Il circolo della Lunigiana di Sinistra Italiana interviene sul modello di sviluppo urbano di Aulla, esprimendo preoccupazione per una pianificazione che, a loro avviso, privilegia i luoghi di consumo a scapito della qualità della vita.
Secondo SI, sui social media degli amministratori locali traspare grande entusiasmo per le numerose attività che aprono o si ingrandiscono. Sinistra Italiana, però, invita a una riflessione più ampia: da oltre vent’anni Aulla è protagonista di un’espansione urbanistica e commerciale intensa, con ogni nuova apertura salutata come opportunità di rilancio. Il risultato, secondo il partito, è stato uno progressivo svuotamento del centro storico, dove resistono ormai poche attività, mentre si moltiplicano i fondi commerciali sfitti.

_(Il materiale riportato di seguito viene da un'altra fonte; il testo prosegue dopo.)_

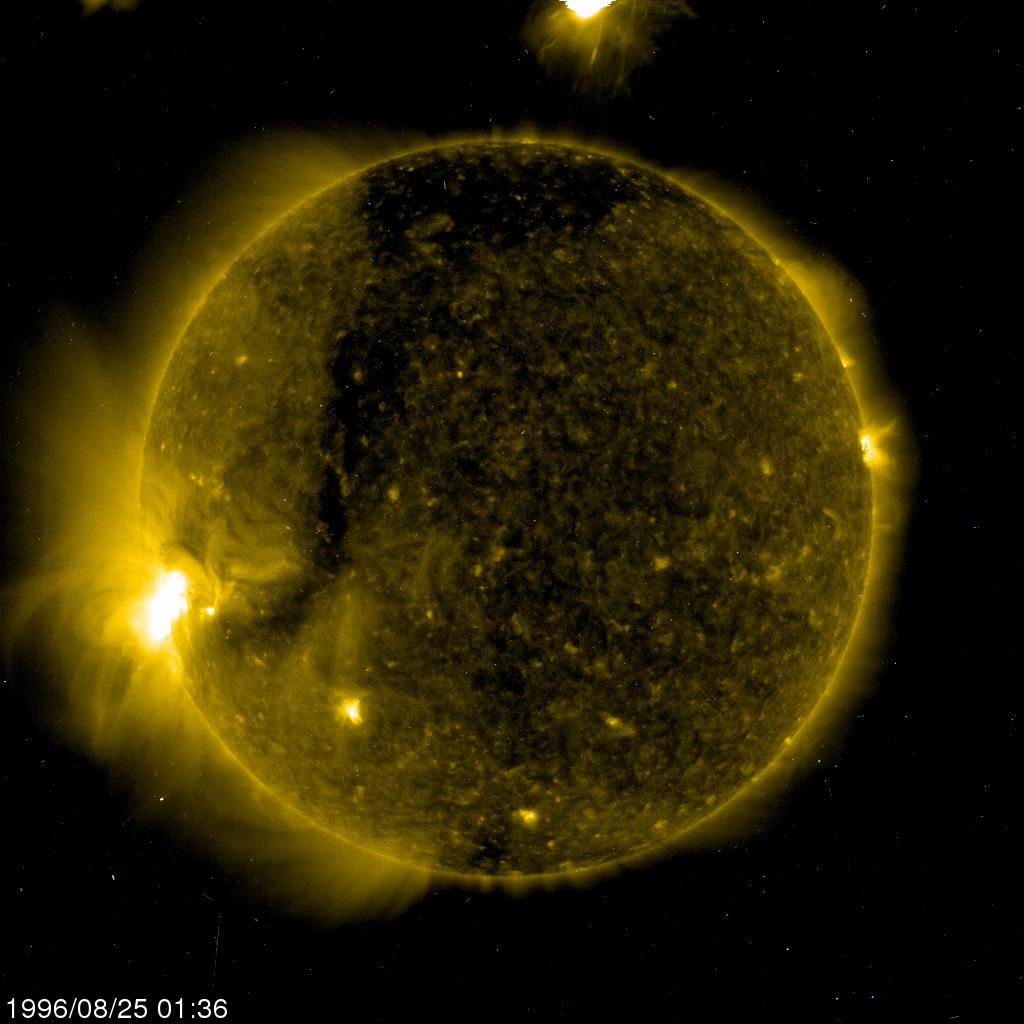 Coronal holes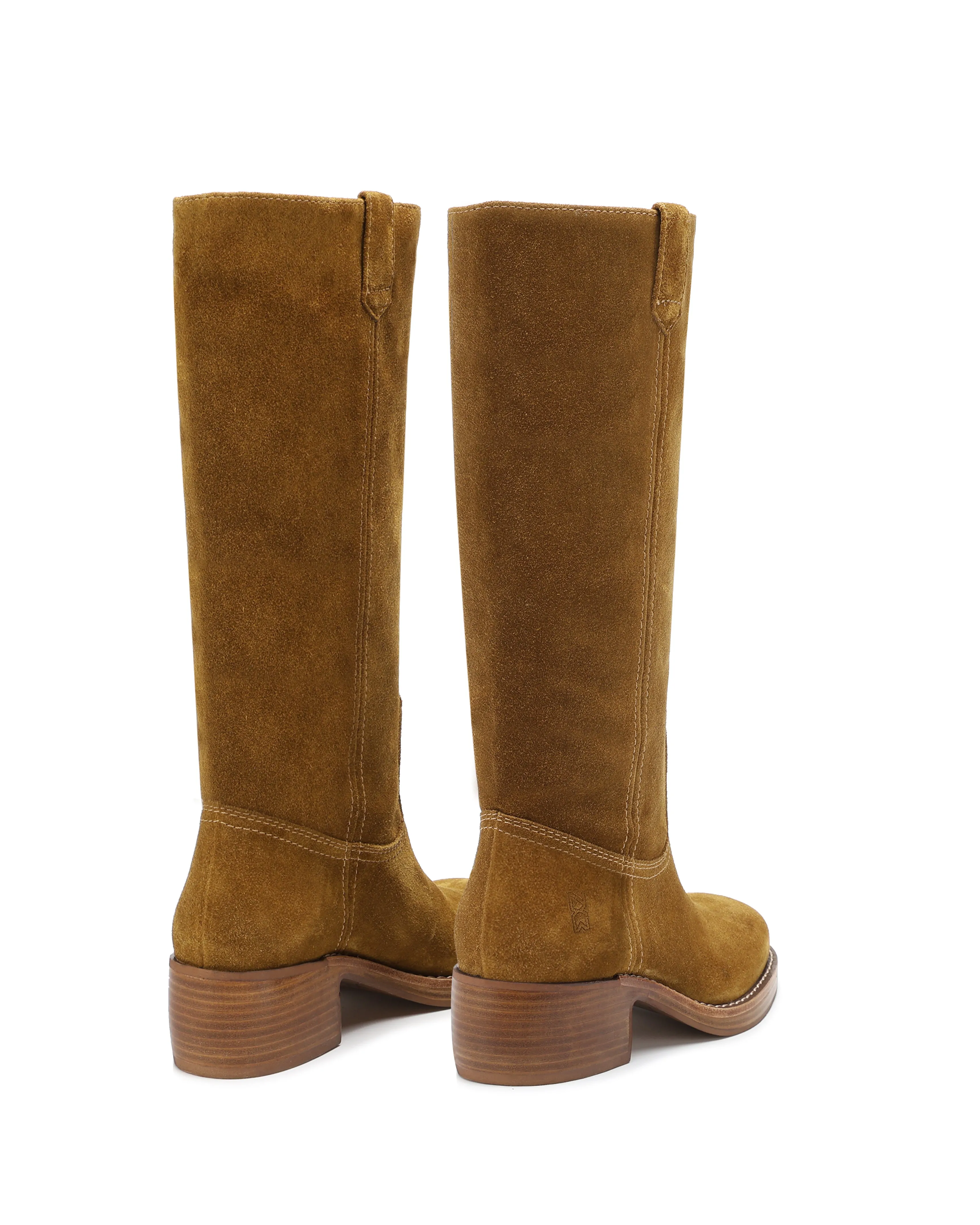 Fear Chestnut Suede Anti Odor Cold Climate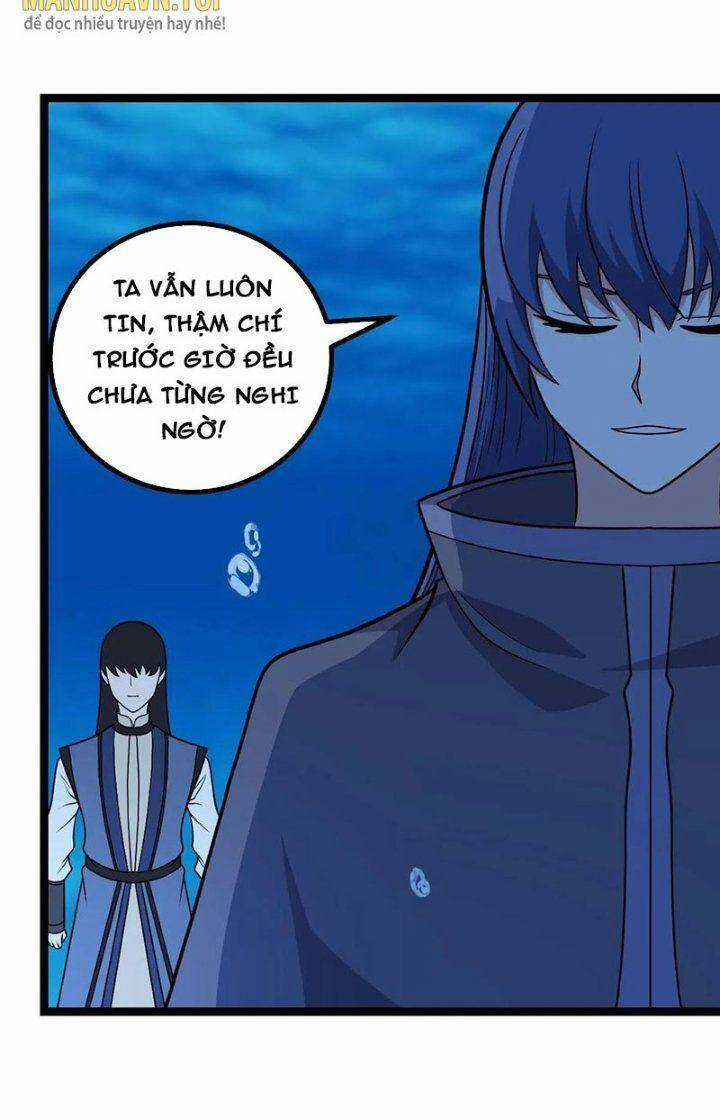 TA LÀM KIÊU HÙNG TẠI DỊ GIỚI Chapter 581 trang 19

Per Sinistra Italiana, ad Aulla manca quasi tutto ciò che rende una cittadina vivibile: un teatro, un cinema, spazi di aggregazione per anziani, giovani e bambini. La scarsa cura delle aree verdi è indicata come ulteriore segnale di un declino percepito come accettato. Il partito sostiene che il consumismo di chi attraversa la città in automobile non giovi né ai residenti né al commercio locale, già penalizzato dai grandi centri commerciali.
La creazione di posti di lavoro è giudicata positiva, ma insufficiente se non inserita in un progetto di città che le persone abbiano piacere di abitare. Puntare sempre sul nuovo, invece che sulla riqualificazione dell’esistente, contribuisce secondo Sinistra Italiana ad aumentare il numero di stabili abbandonati e degradati.
Il circolo – di cui Marco Gatti è segretario – chiede all’amministrazione attuale e a quelle future di condividere con i residenti i progetti in corso e di aprire la pianificazione urbanistica a una visione di lungo periodo, che tenga conto della difficile realtà demografica della Lunigiana. Tra le zone ancora in attesa di riqualificazione vengono citate l’area del vecchio asilo comunale e le zone limitrofe all’ex stazione ferroviaria.